Another Gold Coast creditor, who did not want to be named but is owed more than $7000 by Auzmet, said liquidations were having such an impact on business they’d had to set up a specific “bad debts written off” account.
“We have had so many people going belly up on us,” the business owner said.
“Some years it seems to average one per month.
“We have an allowance for bad debts in our budgeting and it is about 2 per cent of our turnover, though in bad years it can be much higher than that.”
The Tucker family is a Queensland motorsport dynasty. Rob Tucker is a drag racing veteran; his daughter Kirsten Tucker-Cannuli, 35, was the first female driver in the Pro Stock category in Australia; and his son-in-law is dragracer John Cannuli.
Shane Tucker was also a founding director of the charity Peace for the Children, which was fronted by television personality Tania Zaetta in 2011.
While Zaetta was cleared of any wrongdoing, the organisation folded after it was revealed it was not registered when it raised $29,000 in donations from October 2010 to January 2011.
The charity was fined $50,000 and its former co-director Grant Hilton $10,000 after an investigation by the Office of Fair Trading, in which Mr Tucker was never charged.

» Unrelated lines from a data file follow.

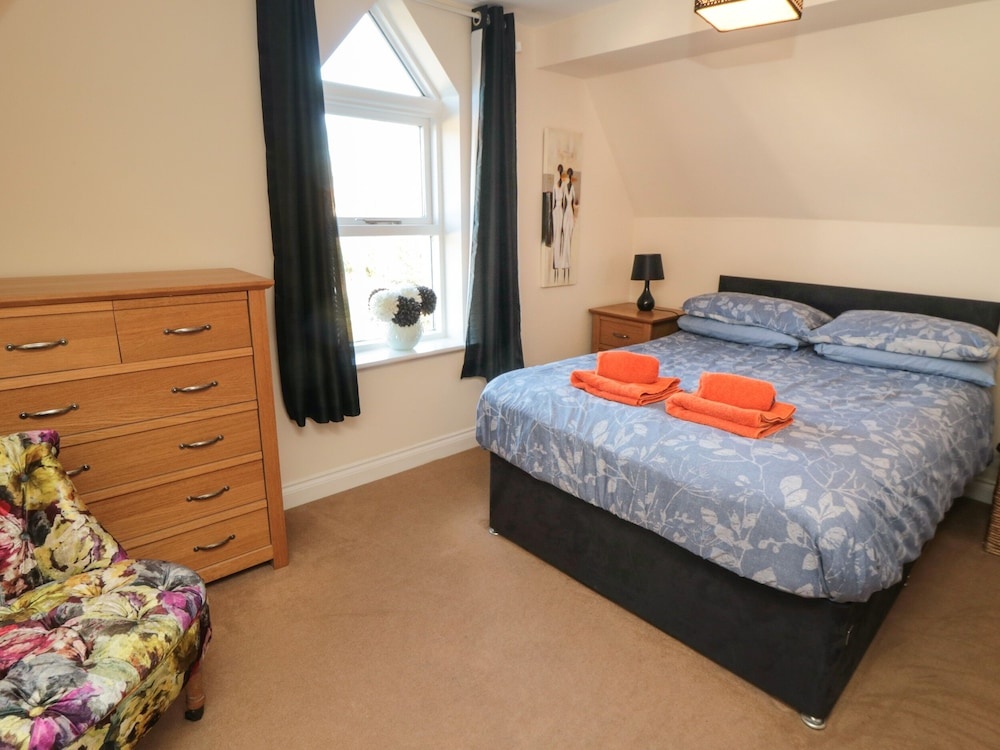 Carisbrooke House, Apartment 6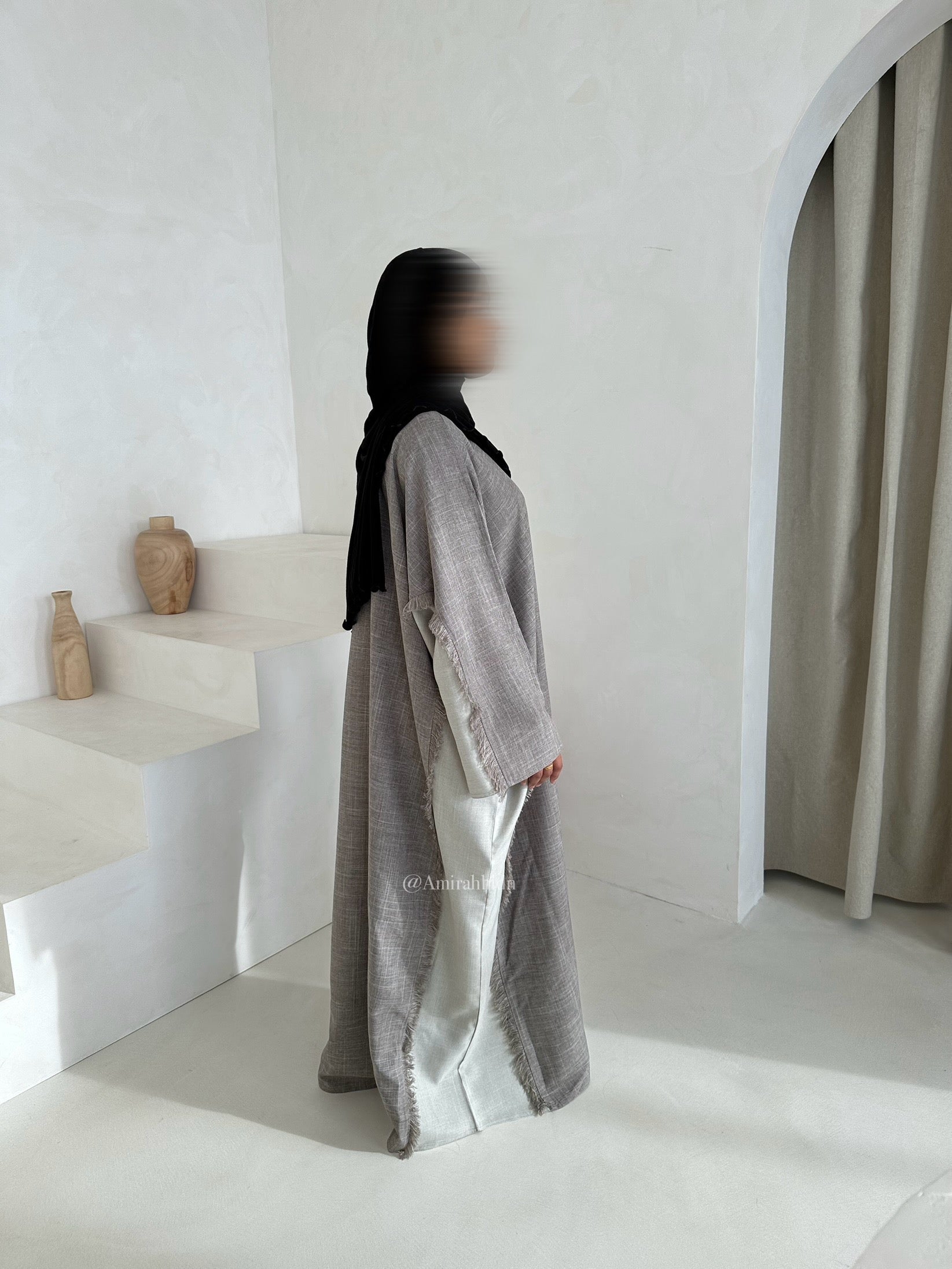 Tawazun Bisht set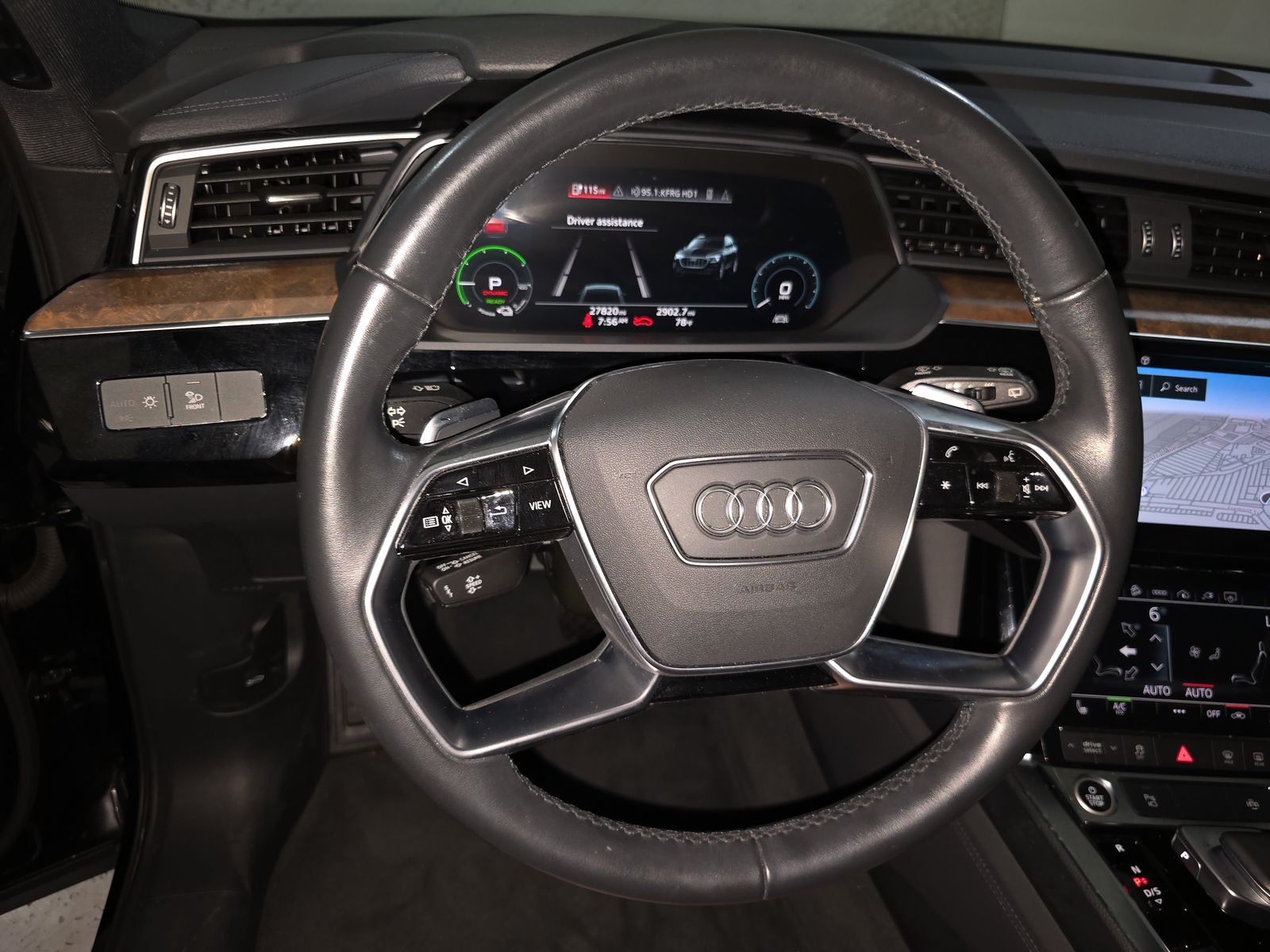 2022 Audi e-tron Premium AWD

Ms Tucker-Cannuli and her husband were embroiled in a scandal of their own in 2016 after they failed to pay off a last-resort loan when ordered to by a court.
The lender initiated bankruptcy proceedings against each of the pair, however the petitions were dismissed.
Auzmet Architectural’s website was still displaying the companies’ suspended QBCC licence numbers yesterday and described Shane Tucker as having “a unique image and charismatic personality making for a very marketable athlete and spokesman for Auzmet”.